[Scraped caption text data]
□ □ □

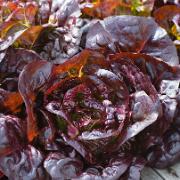 Bindsallad 'Mordore'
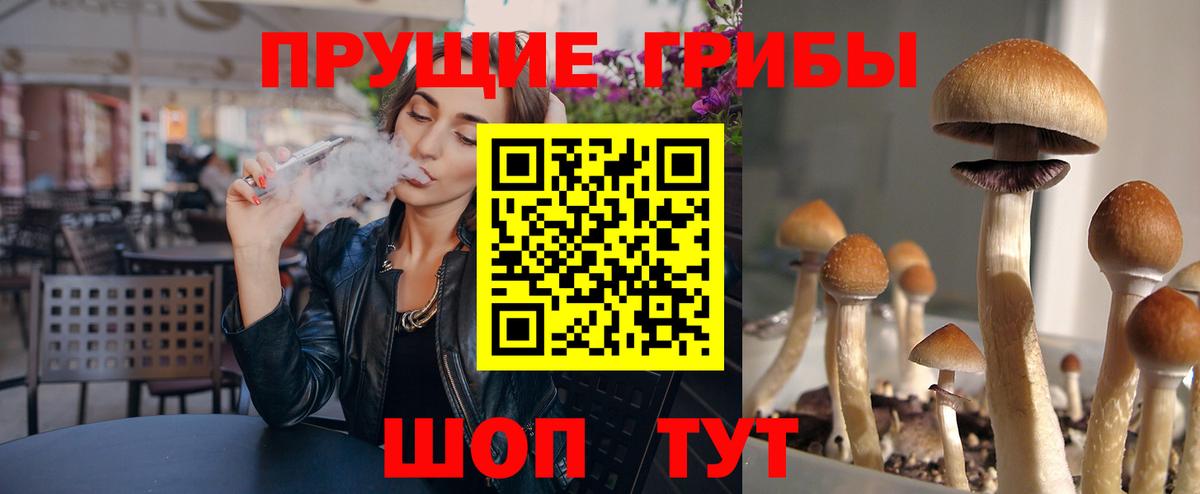 Галлюциногенные грибы ЛСД  Вход с VPN  Балахна 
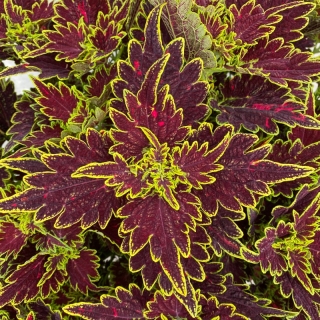 Колеус Колоча Шоклит Грин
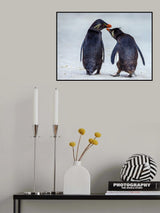 Rockhopper Penguins Chinwag Poster och Canvastavla
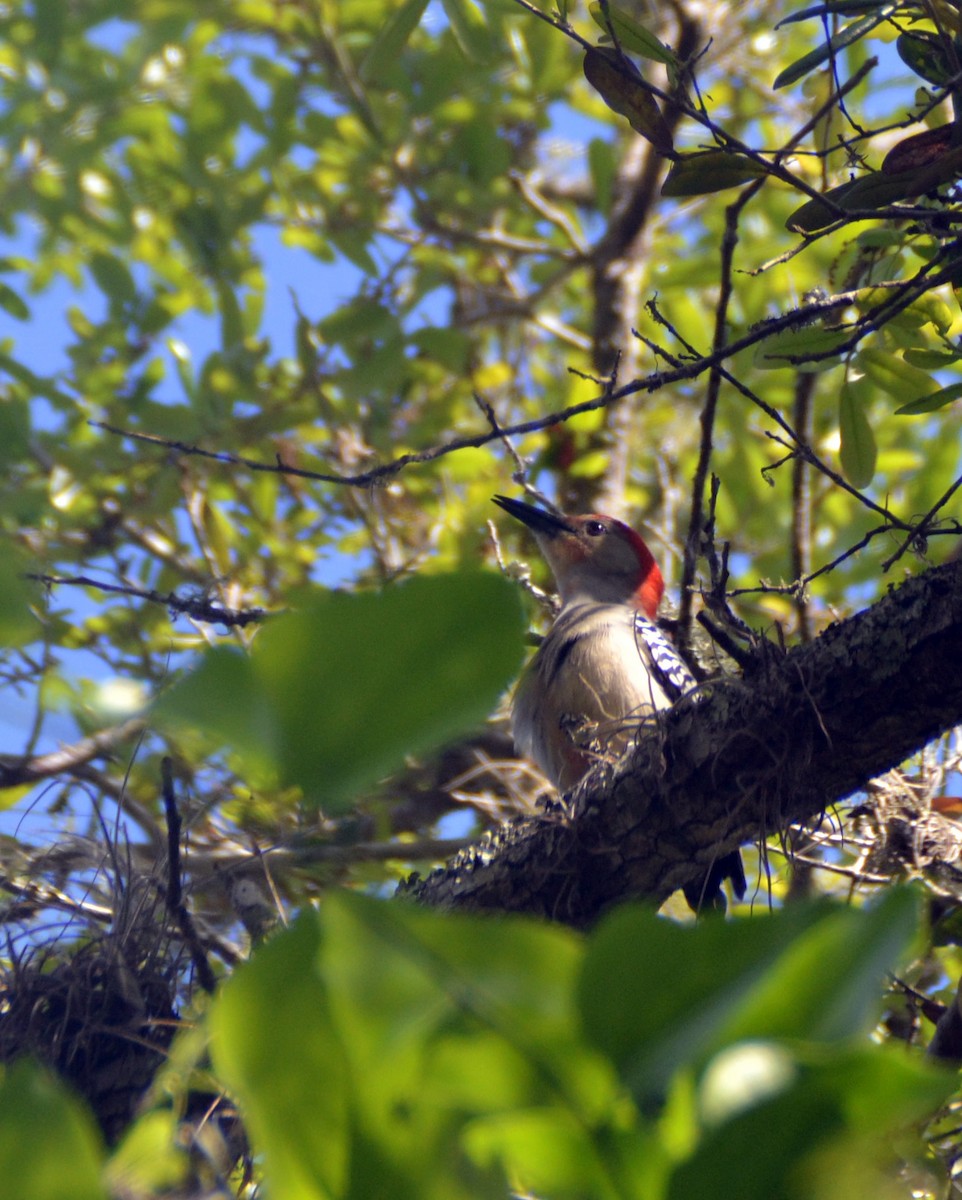 Red-bellied Woodpecker - Toni Oliveira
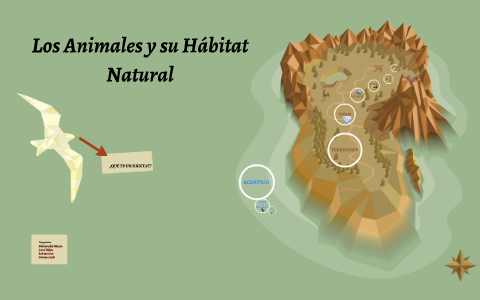 Los Animales y su Hábitat Natural by Liz Rodriguez on Prezi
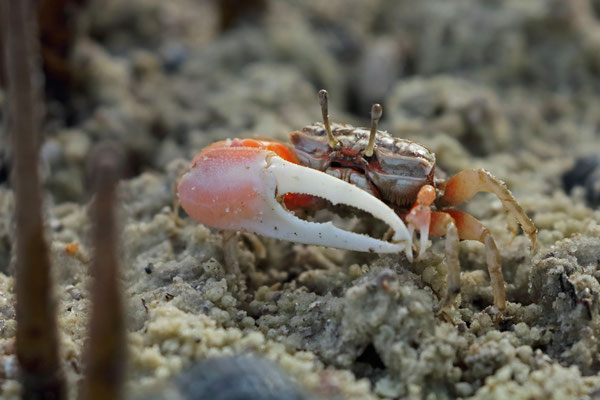 Fiddler Crab (Austruca occidentalis)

□ □ □

TASK TO CARRY OUT
When you reproduce the entries above, keep every word exactly and leave out each picture.

ANSWER TO THIS PROBLEM
 Bindsallad 'Mordore'
 Галлюциногенные грибы ЛСД  Вход с VPN  Балахна 
 Колеус Колоча Шоклит Грин
 Rockhopper Penguins Chinwag Poster och Canvastavla
 Red-bellied Woodpecker - Toni Oliveira
 Los Animales y su Hábitat Natural by Liz Rodriguez on Prezi
 Fiddler Crab (Austruca occidentalis)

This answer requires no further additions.